-
公开(公告)号:WO1984003983A1
公开(公告)日:1984-10-11
申请号:PCT/US1983000464
申请日:1983-03-28
Applicant: EXXON RESEARCH AND ENGINEERING COMPANY
Inventor: EXXON RESEARCH AND ENGINEERING COMPANY , BAKER, James, K. , MacALLISTER, Jeffrey, G. , KLOVSTAD, John, W. , SIDELL, Mark, F. , BROWN, Peter, F. , GANESAN, Kalyan , HATTON, Terence, J. , LEE, Chin-Hui , ROSS, Steven , ROTH, Robert, S.
IPC: G10L01/00
CPC classification number: G10L15/00
Abstract: A speech recognition method and apparatus employ a speech processing circuity (26) for repetitively deriving from a speech imput (100), at a frame repetition rate, a plurality of acoustic parameters.

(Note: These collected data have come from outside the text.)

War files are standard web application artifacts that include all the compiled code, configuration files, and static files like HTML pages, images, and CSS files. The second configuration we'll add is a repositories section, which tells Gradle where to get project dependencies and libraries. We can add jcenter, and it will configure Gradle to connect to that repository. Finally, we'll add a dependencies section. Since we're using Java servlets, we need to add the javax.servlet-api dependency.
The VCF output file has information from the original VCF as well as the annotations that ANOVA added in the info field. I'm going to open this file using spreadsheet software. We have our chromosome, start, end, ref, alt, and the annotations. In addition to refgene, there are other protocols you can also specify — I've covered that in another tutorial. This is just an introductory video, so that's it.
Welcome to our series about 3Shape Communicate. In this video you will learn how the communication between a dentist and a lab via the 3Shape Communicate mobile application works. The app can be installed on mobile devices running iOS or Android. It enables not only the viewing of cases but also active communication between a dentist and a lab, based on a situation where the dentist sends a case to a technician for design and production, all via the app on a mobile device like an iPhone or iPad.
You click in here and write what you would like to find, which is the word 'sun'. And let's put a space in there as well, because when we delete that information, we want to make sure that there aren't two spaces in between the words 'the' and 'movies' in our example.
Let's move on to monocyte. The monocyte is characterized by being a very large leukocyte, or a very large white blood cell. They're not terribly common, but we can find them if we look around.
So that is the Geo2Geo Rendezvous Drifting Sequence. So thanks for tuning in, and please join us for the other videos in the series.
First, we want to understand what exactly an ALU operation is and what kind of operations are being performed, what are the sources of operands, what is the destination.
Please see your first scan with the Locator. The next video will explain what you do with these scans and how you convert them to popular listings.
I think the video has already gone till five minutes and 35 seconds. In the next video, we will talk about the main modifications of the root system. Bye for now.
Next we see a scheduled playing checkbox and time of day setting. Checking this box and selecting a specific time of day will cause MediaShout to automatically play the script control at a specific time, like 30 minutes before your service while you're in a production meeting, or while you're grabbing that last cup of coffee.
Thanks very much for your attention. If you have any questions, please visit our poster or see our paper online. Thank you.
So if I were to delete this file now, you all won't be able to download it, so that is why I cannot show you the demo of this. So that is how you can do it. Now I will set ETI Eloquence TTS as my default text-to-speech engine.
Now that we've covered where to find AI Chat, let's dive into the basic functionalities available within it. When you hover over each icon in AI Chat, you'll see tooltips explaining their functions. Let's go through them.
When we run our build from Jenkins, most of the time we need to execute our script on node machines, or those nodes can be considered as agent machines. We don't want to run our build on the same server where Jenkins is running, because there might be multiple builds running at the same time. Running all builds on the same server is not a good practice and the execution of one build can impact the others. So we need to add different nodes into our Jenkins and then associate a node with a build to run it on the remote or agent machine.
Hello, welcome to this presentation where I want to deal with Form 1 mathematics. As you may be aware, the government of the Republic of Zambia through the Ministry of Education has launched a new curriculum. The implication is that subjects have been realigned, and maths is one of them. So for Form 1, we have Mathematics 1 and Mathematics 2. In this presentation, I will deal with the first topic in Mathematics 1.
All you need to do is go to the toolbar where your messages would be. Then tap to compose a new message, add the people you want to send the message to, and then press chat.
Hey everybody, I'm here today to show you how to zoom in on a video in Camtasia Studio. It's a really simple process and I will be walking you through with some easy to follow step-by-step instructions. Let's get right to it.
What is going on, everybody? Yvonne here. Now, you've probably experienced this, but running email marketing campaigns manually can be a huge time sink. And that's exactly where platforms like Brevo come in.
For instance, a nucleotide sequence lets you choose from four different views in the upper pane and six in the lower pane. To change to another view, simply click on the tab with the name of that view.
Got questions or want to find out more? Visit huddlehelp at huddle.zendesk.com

The acoustic parameters represent the speech input signal for a frame time. A plurality of template matching and cost processing circuitries (28, 30) are connected to a system bus (24), along with the speech processing circuity, for determining, or identifying, the speech units in the input speech, by comparing the acoustic parameters with stored template patterns. The apparatus can be expanded by adding more template matching and cost processing circuity to the bus thereby increasing the speech recognition capacity of the apparatus. The speech processing circuity establishes overlapping time durations for generating the acoustic parameters and further employs a sinc-Kaiser smoothing function in combination with a folding technique (113) for providing a discrete Fourier transform (112). The Fourier spectra are transformed using a principal component analysis (122) which optimizes the across class variance. The template matching and cost processing circuitries (28, 30) provide distributed processing, on demand, of the acoustic parameters for generating through a dynamic programming technique the recognition decision. Grammar and word model syntax structures reduce the computational load. Template pattern generation is aided by using a "joker" word to specify the time boundaries of utterances spoken in isolation.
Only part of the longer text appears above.